New York Gov. Kathy Hochul and her anti-gun allies in the state legislature may have taken dramatic steps to try to keep New Yorkers from exercising their right to bear arms in the wake of the Supreme Court decision overturning the state’s “may issue” carry permitting scheme, but the sweeping new restrictions set to take effect on Thursday aren’t stopping thousands of residents from applying for their permits. Several counties have reported long lines of hopeful gun owners waiting to apply, and in Erie County the county clerk announced that they’ll be open until midnight on Wednesday evening in order to accept applications that will be processed under the state’s current standards (albeit without the applicant having to demonstrate a “good cause” to carry).
Erie County Clerk Mickey Kearns said the permit process is only step one.
“The Erie County Clerks office handles one third of the process,” Kearns said.
After the application and safety classes, there are background checks, finger printing and approval from a judge. Kearns said he recently spoke with eighth district judge Williams Boller who gave him insight one the deadline.

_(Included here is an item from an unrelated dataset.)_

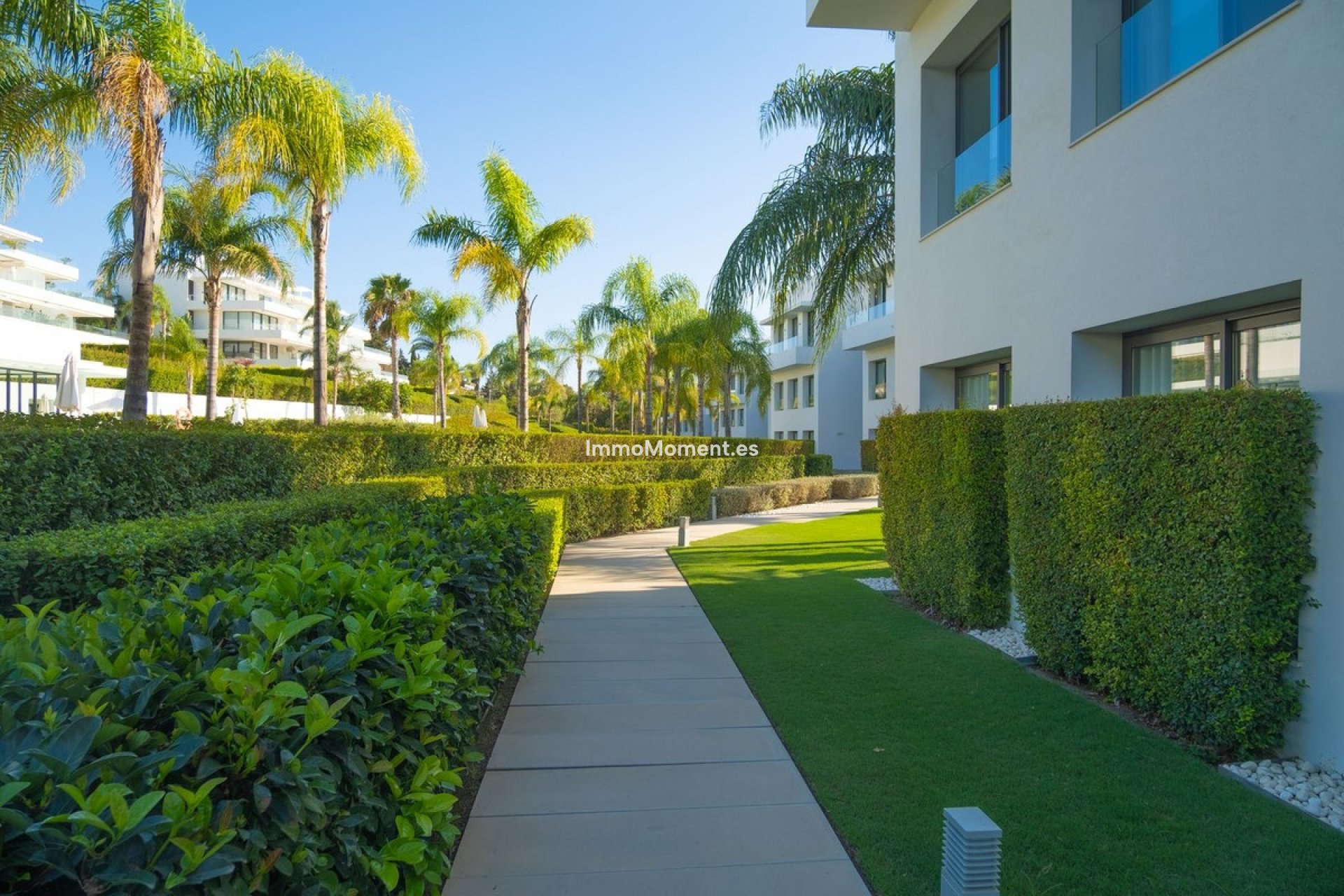 Resale - Apartment - Estepona - Atalaya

“As long as people get their application in prior to September 1st, you will not have the burden of the new restrictions under the law,” Kearns said. “So that’s why we’re having so many people applying,” Kearns said.

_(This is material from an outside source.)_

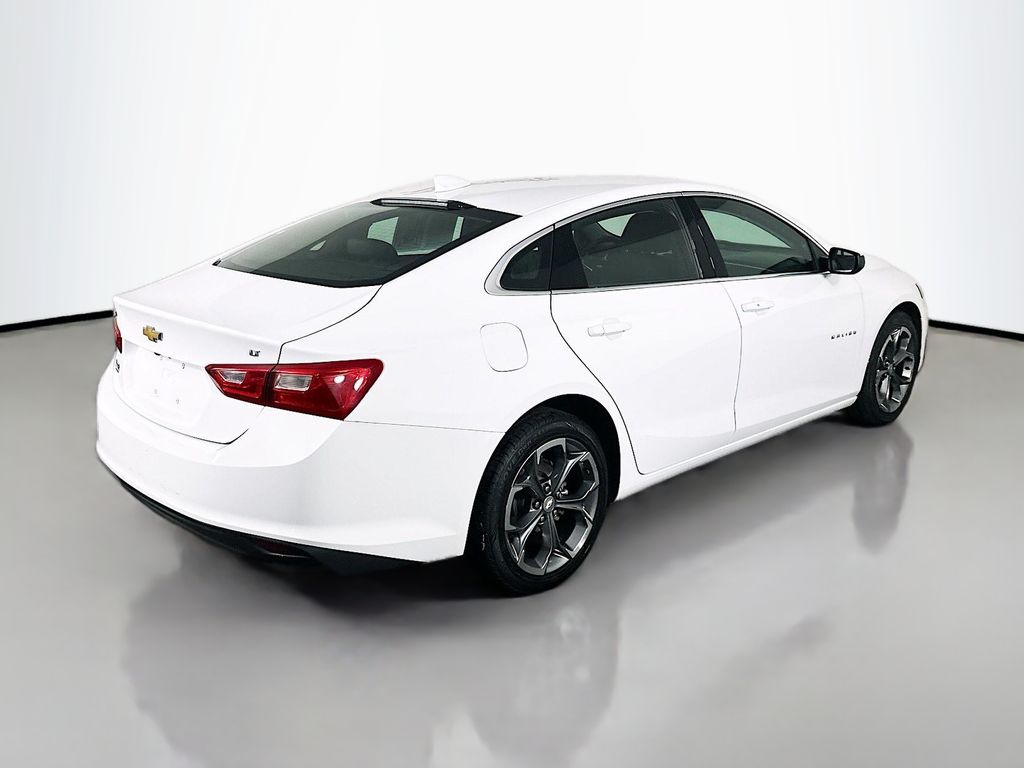 Used 2023 White Chevrolet LT image 7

Under the new requirements, applicants will have to demonstrate proof that they’ve undergone 16 hours of training, including two hours of live fire instruction at a range. Applicants must also pass both a written test and a range test, and provide licensing officials with all of their social media accounts in order for authorities to determine whether an applicant is of “good moral character”. Unsurprisingly, many New Yorkers are choosing to apply ahead of the new laws going into effect.

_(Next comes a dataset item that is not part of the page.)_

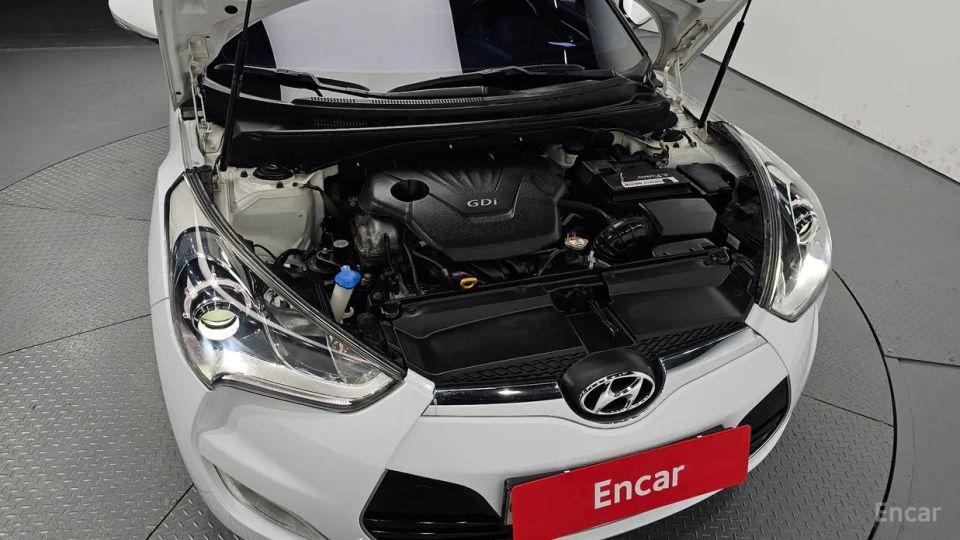 Hyundai Veloster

Gun enthusiasts who were only allowed to fire their weapons at a gun range before the high court struck down the state’s tough gun permit laws are among the thousands of people now anxiously seeking full carry permits, CBS2’s Marcia Kramer reported Monday.
CBS2 discovered 9,187 people applied to the state for fingerprinting for gun permit background checks in August alone. That’s a stunning increase from the 3,187 who applied in August 2021.
Experts say the rush to get gun permits before the new law takes effect is because people don’t like the new requirements developed by Gov. Kathy Hochul and state officials to blunt the effects of the Supreme Court’s decision.
The new law says applicants must get 16 hours of hands-on gun training that includes firing and turn over three years of social media posts to prove they are of “good moral character.”
“This is going to ensure that we have qualitative people that are afforded these gun permits,” said Darrin Porcher, a Pace University professor and former NYPD lieutenant.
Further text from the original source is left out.